# The Sinaitic Theophany



## Peairtach (Apr 12, 2013)

> For you have not come to what may be touched, a blazing fire and darkness and gloom and a tempest and the sound of a trumpet and a voice whose words made the hearers beg that no further messages be spoken to them. For they could not endure the order that was given, “If even a beast touches the mountain, it shall be stoned.” Indeed, so terrifying was the sight that Moses said, “I tremble with fear.” (hebrews 12:18-21)



Was this terrifying theophany given because the Israelites had already broken the Covenant of Works in Adam, or because they were going to break a new Covenant of Works given to them through Moses?


----------



## A5pointer (Apr 12, 2013)

Sin brought on the transcendent separation characterized by terror to the sinful upon contact.


----------



## Peairtach (Apr 12, 2013)

I believe the theophany was given to teach the Israelites the distance there was between sinful man, even sinful man in the administration of the Covenant of Grace, and Holy God, but was interested to hear others' views.


----------



## A5pointer (Apr 12, 2013)

I think of the guys who mixed the incense wrong and Uzza, etc. a Vail of terror in the old.


----------



## Christusregnat (Apr 12, 2013)

Peairtach said:


> > For you have not come to what may be touched, a blazing fire and darkness and gloom and a tempest and the sound of a trumpet and a voice whose words made the hearers beg that no further messages be spoken to them. For they could not endure the order that was given, “If even a beast touches the mountain, it shall be stoned.” Indeed, so terrifying was the sight that Moses said, “I tremble with fear.” (hebrews 12:18-21)
> 
> 
> 
> Was this terrifying theophany given because the Israelites had already broken the Covenant of Works in Adam, or because they were going to break a new Covenant of Works given to them through Moses?

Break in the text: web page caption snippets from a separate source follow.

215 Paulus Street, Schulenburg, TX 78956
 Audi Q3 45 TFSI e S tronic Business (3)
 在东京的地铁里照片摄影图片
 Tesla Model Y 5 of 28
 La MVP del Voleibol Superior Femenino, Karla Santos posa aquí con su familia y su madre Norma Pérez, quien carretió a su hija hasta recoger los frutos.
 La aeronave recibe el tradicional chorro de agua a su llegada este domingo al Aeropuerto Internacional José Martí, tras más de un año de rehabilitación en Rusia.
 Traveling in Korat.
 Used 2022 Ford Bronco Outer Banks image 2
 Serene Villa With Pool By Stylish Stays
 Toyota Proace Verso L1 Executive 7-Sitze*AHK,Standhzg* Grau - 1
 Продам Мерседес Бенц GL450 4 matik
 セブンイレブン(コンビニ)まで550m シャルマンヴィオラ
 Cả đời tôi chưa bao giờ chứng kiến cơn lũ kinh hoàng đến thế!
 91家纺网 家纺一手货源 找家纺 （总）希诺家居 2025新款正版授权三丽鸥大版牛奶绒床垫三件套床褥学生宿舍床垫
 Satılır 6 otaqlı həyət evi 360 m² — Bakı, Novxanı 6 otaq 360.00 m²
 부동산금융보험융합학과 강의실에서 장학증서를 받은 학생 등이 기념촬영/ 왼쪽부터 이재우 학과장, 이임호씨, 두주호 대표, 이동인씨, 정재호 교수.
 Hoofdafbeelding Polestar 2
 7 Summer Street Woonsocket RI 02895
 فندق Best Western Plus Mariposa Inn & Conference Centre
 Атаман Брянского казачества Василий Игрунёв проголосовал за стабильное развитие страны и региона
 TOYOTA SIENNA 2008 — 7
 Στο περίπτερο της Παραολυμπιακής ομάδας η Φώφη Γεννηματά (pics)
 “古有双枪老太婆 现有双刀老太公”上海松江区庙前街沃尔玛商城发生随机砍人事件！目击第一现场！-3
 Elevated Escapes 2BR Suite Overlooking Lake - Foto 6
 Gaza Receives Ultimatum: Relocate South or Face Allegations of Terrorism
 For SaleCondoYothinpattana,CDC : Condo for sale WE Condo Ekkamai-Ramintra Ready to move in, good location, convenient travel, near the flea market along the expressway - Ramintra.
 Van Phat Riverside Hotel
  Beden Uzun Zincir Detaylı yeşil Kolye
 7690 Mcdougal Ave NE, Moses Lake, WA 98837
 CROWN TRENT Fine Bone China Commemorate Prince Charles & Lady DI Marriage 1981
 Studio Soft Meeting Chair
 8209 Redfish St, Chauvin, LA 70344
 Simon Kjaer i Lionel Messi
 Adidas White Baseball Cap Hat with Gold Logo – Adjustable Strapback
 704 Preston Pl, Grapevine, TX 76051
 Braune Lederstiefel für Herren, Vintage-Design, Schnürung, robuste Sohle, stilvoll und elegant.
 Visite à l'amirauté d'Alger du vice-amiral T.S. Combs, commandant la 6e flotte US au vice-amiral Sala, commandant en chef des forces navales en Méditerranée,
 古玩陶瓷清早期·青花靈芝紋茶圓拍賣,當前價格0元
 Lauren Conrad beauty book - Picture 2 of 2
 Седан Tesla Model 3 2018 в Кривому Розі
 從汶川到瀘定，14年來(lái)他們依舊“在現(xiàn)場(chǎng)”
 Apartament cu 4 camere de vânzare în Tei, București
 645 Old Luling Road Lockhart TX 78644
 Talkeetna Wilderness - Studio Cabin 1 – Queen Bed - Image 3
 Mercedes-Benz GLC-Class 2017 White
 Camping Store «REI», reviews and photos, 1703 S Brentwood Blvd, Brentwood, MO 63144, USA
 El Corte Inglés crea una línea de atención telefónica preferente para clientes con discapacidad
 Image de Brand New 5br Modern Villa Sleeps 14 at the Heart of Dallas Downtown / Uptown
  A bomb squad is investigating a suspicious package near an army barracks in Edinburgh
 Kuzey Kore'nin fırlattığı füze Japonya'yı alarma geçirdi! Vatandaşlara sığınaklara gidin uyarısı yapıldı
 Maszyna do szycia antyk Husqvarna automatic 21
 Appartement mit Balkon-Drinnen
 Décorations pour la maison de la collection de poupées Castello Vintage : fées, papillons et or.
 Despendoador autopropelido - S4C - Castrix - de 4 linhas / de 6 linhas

None of the above. Our God is a consuming fire, and the terrors of the law are part and parcel of the evangelical use of the law. Keep reading:



> 24 And to Jesus the mediator of the new covenant, and to the blood of sprinkling, that speaketh better things than that of Abel.
> 25 See that ye refuse not him that speaketh. *For if they escaped not who refused him that spake on earth, much more shall not we escape, if we turn away from him that speaketh from heaven*:
> 26 Whose voice then shook the earth: but now he hath promised, saying, Yet once more I shake not the earth only, but also heaven.
> 27 And this word, Yet once more, signifieth the removing of those things that are shaken, as of things that are made, that those things which cannot be shaken may remain.
> ...



Paul draws a parallel where a dispensational hermeneutic draws a contrast of covenants.


----------



## Contra_Mundum (Apr 13, 2013)

John 1:17, "For the law was given through Moses, but grace and truth came through Jesus Christ."

While I think it is a mistake to see the Sermon on the Mount as "new law," I do believe Matthew intends the reader/hearer to find a parallel between the mountainside Jesus goes up and sits upon (Mt.5:1), where his disciples are invited to come to him, even into the mountain; and the original mountain-of-meeting with God, which was unapproachable, in which the people were obliged to come as close as the barriers--but who, when God spoke to them, pressed backward and away, eventually begging Moses to go forward on their behalf, and bring the rest of the Word of God to them.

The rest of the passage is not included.